## Task to complete
The range runs from the line containing "Vlogging Video 3.5mm" to the last line of the entries. Copy that range exactly, omitting pictures.

[Captioned web images]
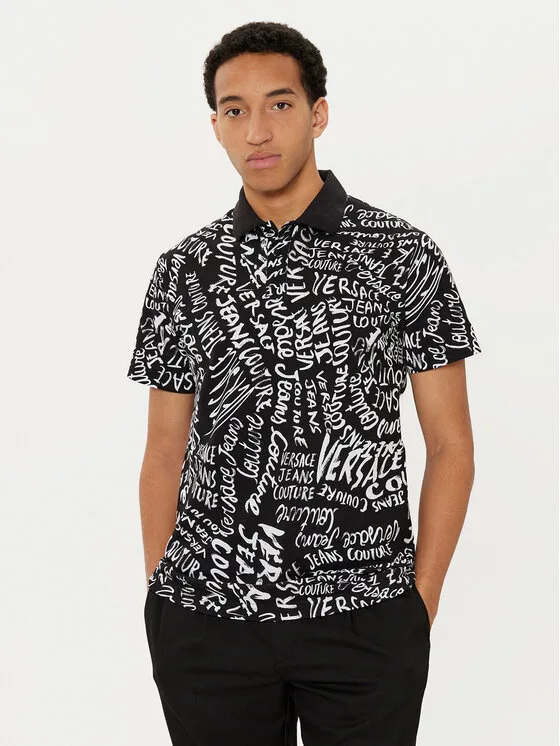 Мъжка поло тениска Versace Jeans Couture 78GAG6R0 черна – Черен – Мъжки поло тениски
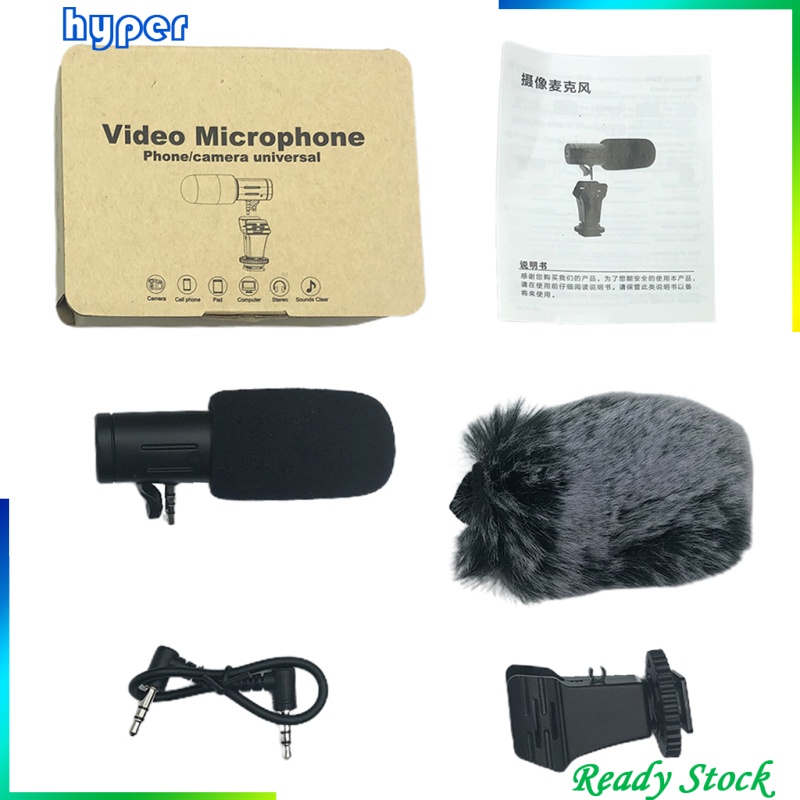 Vlogging Video 3.5mm Microphone Condensor External DSLR Mobile Phone Mic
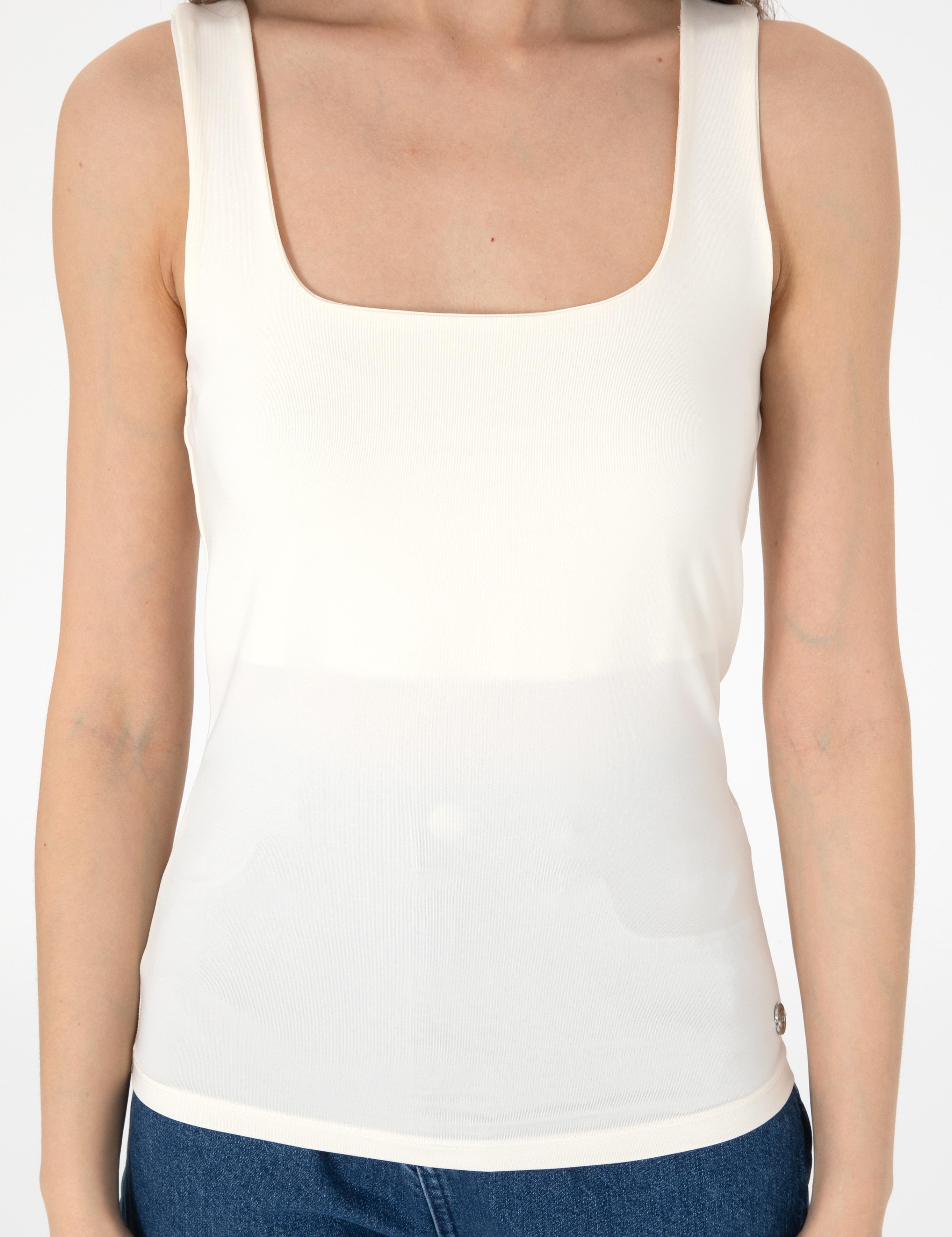 Ekru Ex. Slim Fit Örme Bluz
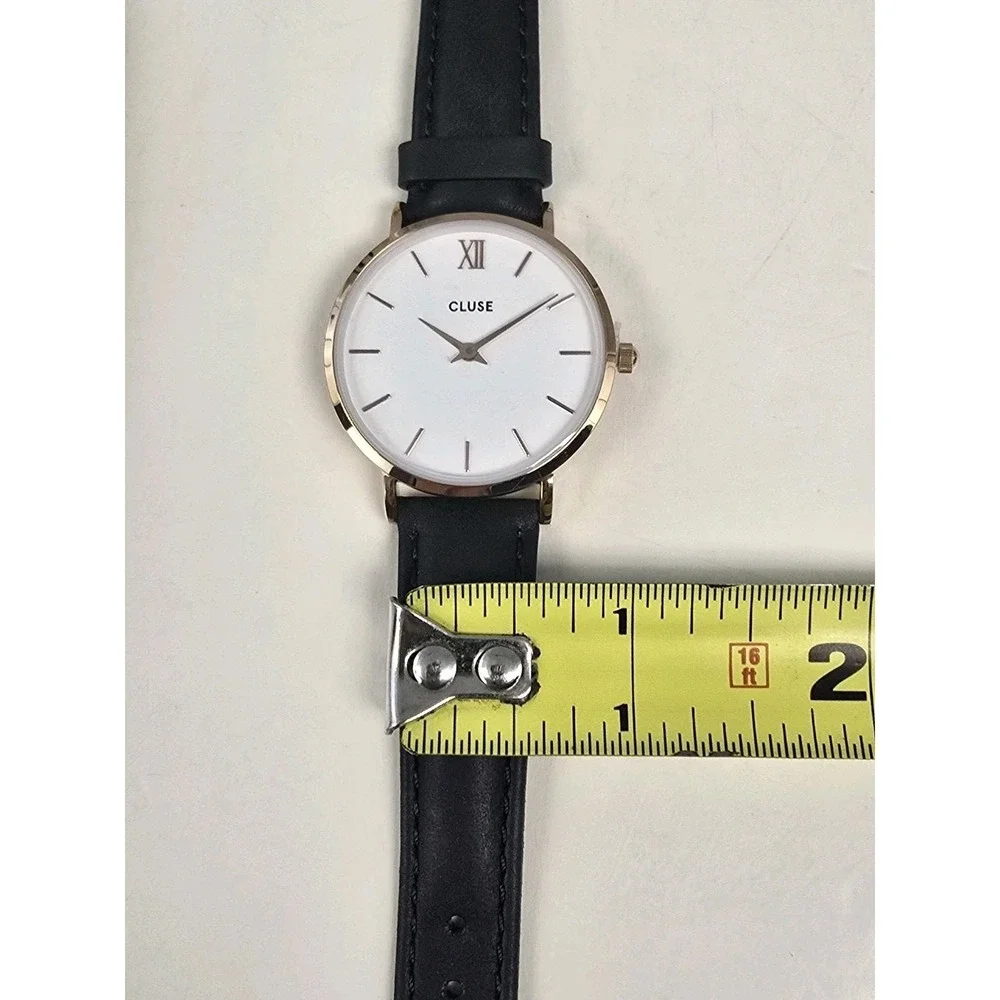 Cluse Women's Minuit White‎ Dial Black Leather Rose Gold Case Watch CL30003 NWT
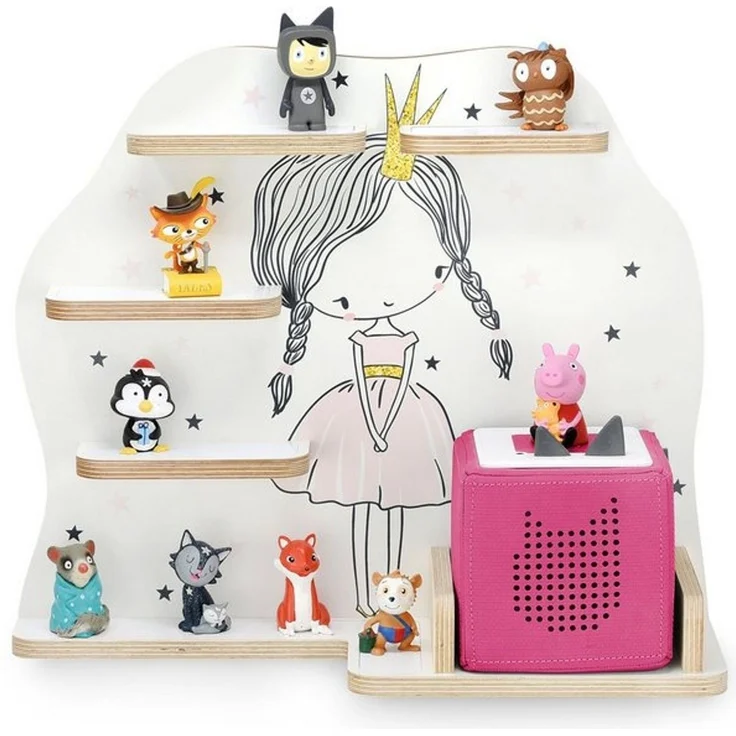 stadtecken Holzregal für Musikbox I passend für die Toniebox und ca. 35 Tonies I Perfekte Aufbewahrung im Kinderzimmer I zum Aufstellen oder Aufhängen (Prinzessin) – Bild 4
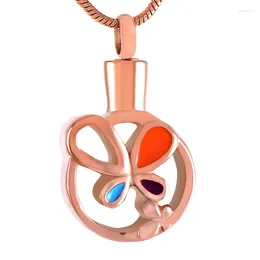 Chains IJD9241 Stainless Steel Cremation Urn Necklace Ashes Hollow Butterfly Round Shape Memorial Pendant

## Output below
 Vlogging Video 3.5mm Microphone Condensor External DSLR Mobile Phone Mic
 Ekru Ex. Slim Fit Örme Bluz
 Cluse Women's Minuit White‎ Dial Black Leather Rose Gold Case Watch CL30003 NWT
 stadtecken Holzregal für Musikbox I passend für die Toniebox und ca. 35 Tonies I Perfekte Aufbewahrung im Kinderzimmer I zum Aufstellen oder Aufhängen (Prinzessin) – Bild 4
 Chains IJD9241 Stainless Steel Cremation Urn Necklace Ashes Hollow Butterfly Round Shape Memorial Pendant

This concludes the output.